Triangulated Irregular Network (TIN) is a list of points with their coordinates that are stored into a file that also contains information about the topology. The network itself contains a series of triangles, which is constructed by connected the points within a group of triangles called a Delaunay triangulation. There are two separate ways to construct a TIN. One contains a file that has information about the arcs that connect the points of the triangles, and the other contains all of the information about the topology of the triangle network. A contour line is easy to draw with a TIN, as well as making 3-D views of an area.

Raster Data Structures


Raster Data Structures consist of an array of grid cells or pixels referenced by a row and column number and containing a number representing the type or value of the attribute being mapped.

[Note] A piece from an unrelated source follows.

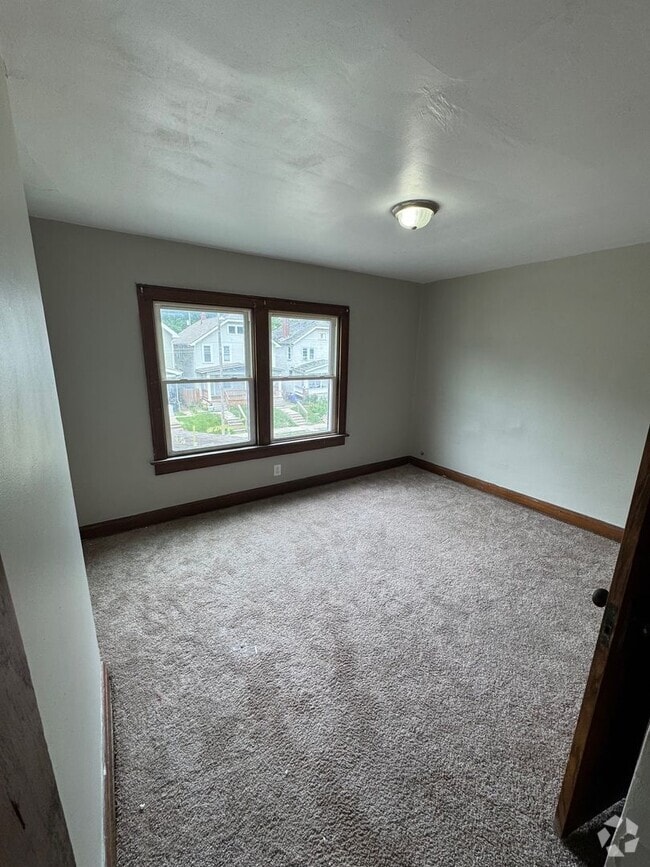 Building Photo - 736-738-738 Seymour Ave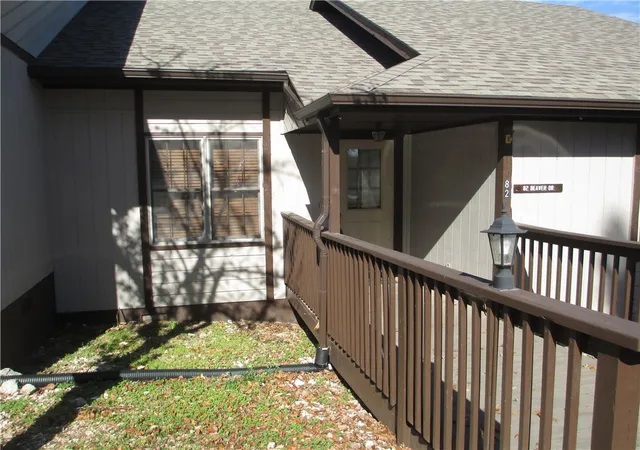 2nd image of 82 Beaver Dr, Holiday Island, AR 72631 | MLS# 1328080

The 2-dimensional surface via which the geographical data are linked is not continuous and this can have an important effect on the estimates of lengths and areas when grid cell sizes are large with respect to the features being represented.

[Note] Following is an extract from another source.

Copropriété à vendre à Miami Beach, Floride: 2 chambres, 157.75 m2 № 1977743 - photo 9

One of the biggest advantages of the raster data structure is that within the computer's own memory the data form their own map. This means that neighborhood analysis, comparing a grid cell with its neighbor can easily be performed just by looking at the values in the next row and column of the particular cells in question. The process of overlay is also much easier by just matching up two grids and overlaying one on top of the other.


One of the first disadvantages of the raster data structure format is that it is not very good at showing lines or points, because a single line or point becones a whole set of cells in the grid.

Another major disadvantage is that of the problem of mixed pixels. Meaning that a aprticular pixel does not do a good job of showing two attributes within one pixel, leaving one to assign edge pixels, those that are not exclusively in one class or another

Alternative Storage

Atleast two alternatives have been created to deal with the problems that a grid often contains duplicated or altogether missing data.



According to the text book, topology is the "property that describes adjacency and connectivity of features. A topological data structure encodes topology with the geocoded features". Another definition is "The numerical description of the relationships between geographic features, as encoded by adjacency, linkage, inclusion, or proximity. Thus a point can be inside a region, a line can connect to others, and a region can have neighbors. The numbers describing topology can be stored as attributes in the GIS and used for validation and other stages of description and analysis".


Topology has for the first time allowed the user to do some error detection. The major problems associated with sliver polygons and unsnapped nodes are fixed because each line is stored only once and that the only duplication is the endpoints. The user is now allowed to "clean" the map. The best advantage of having a "topologically consistant map is that when two or more maps must be overlain, much of the initial preparation work has been done" (Clarke 1997, 85). The last major advantage would be that many of the operations of retrieval and analysis have the ability to be conducted without using the x, y data.


The basic disdvantages to using this system is that when using arcs or polygons, some reconstruction of the map is a necessity and it is a sophisticated database to go through, with very complex software.

Possible test questions:

  1. Name and describe two types of vector data storage including any advantages and disadvantages.
  2. When representing points and lines which data structure format is better, raster or vector and why?
  3. What is the definition of topology?
Submitted by (Lauren Shapiro) on (2/28/98).
Updated by William Kinnison on 5 Dec 98.